Reports are an integral part of what we do and an important way we communicate your child’s learning and personal growth. However, reports are only one piece of a jigsaw, that we endeavour to put together, of your child’s learning journey whilst at the Alice Smith School.
The information contained within reports comes from a range of sources. The reporting process not only begins from the moment your child arrives with their teacher, but is also continual. As soon as one report is written and issued to you, teachers are already gathering data, making judgements and decisions about your child’s learning and where they need to go next. This teacher judgement is vital.
Class teachers will interact with your child on a daily basis and know your child - what motivates them, what interests them and what their strengths are.
Teacher judgements are augmented by the use of standardised data and ongoing teacher assessments. A standardised assessment is a test that requires all test takers to answer the same questions in the same way and that is scored in a “standard” or consistent manner. This makes it possible to compare the relative performance of individual students or groups of students.
However, whilst standardised assessments can provide useful information, they are a snapshot of your child’s achievement - or potential achievement - on the day they took the assessment. There can be a myriad of factors that influence the results of these assessments. There are a range of other ways that teachers will engage with your child. They participate in professional dialogues which allow them to meet with year leaders and discuss all aspects of your child in their class - are they achieving their potential? Are there any barriers to them learning? What are the next steps that need to be put in place to provide the requisite challenge for your child? This process allows teachers to build up a detailed and intricate picture of what is happening in the class and helps inform planning and next steps.

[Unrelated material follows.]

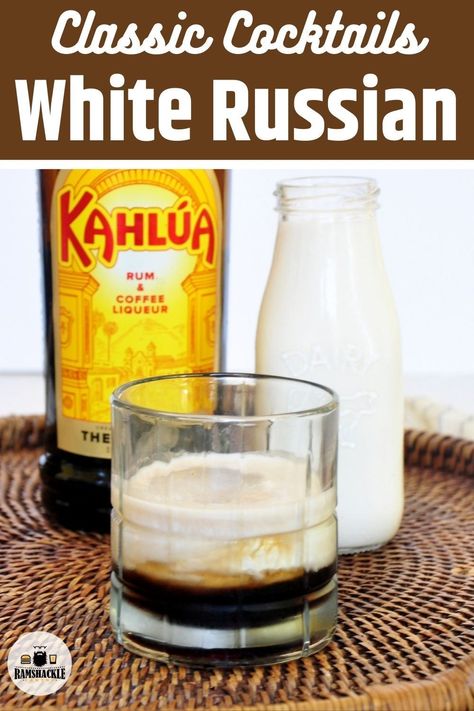 Kahlua White Russian Recipes, Kahlua Recipes Drinks, Kahlua White Russian, Kalua Drinks Cocktails Simple, Hot White Russian Recipe, Vodka Kahlua Drink Recipes, Drink Recipes With Kahlua, Kaluah Drinks Easy, Kalua Drink Ideas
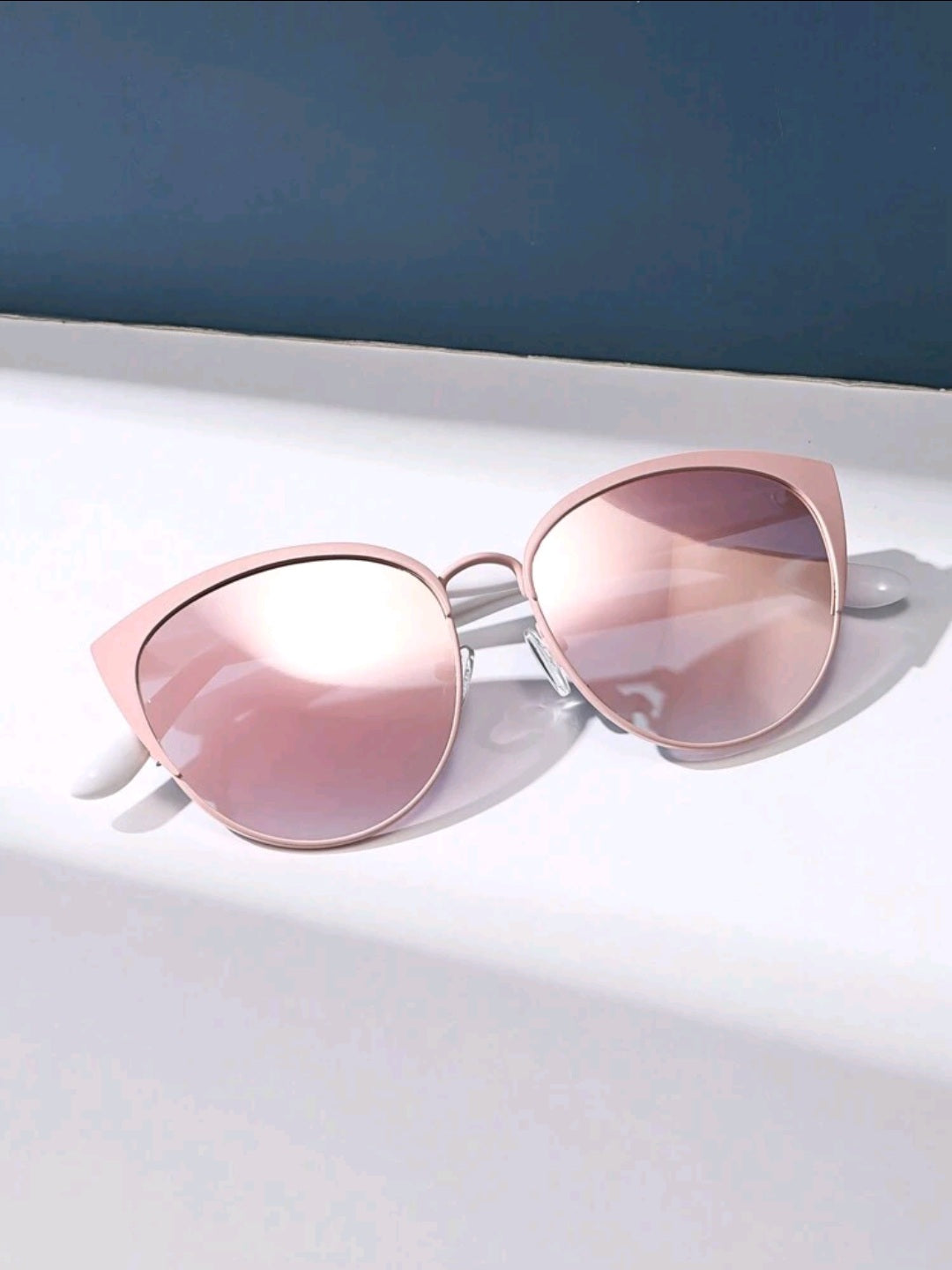 Retro Cat-Eye Zonnebril – Roze & Wit - FutureStoreNL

We also use CAT4 assessments which allow us to identify potential. This helps us to support children who are underachieving for any reason (for example, children new to English may not be able to demonstrate their ability initially). Our data demonstrates that we have a much larger more able population at Alice Smith than in most schools.
The removal of levels in the UK in 2014, paved the way for schools around the world to develop their own assessment system. At the Primary Campus, our approach has been for teachers to use their formative (on-going) assessment along with evidence from a range of data, including student observation and dialogue, standardised data and tracking against the KLASS curriculum to make judgements, for reporting purposes, as to where your child is in their learning. This allows us to provide a report which summarises your child’s learning over the course of an academic year, commenting on their areas of progress, as well as celebrating their personal and academic strengths.
One of the many things we pride ourselves on at Alice Smith is that our teachers know the children in their care; they know what motivates them, where their strengths are and where there are gaps in their learning which need to be filled.
We strongly believe teacher judgement is key in making sense of the range of data we have at our disposal and that this will be reflected in the reports you will receive and the dialogues that you have.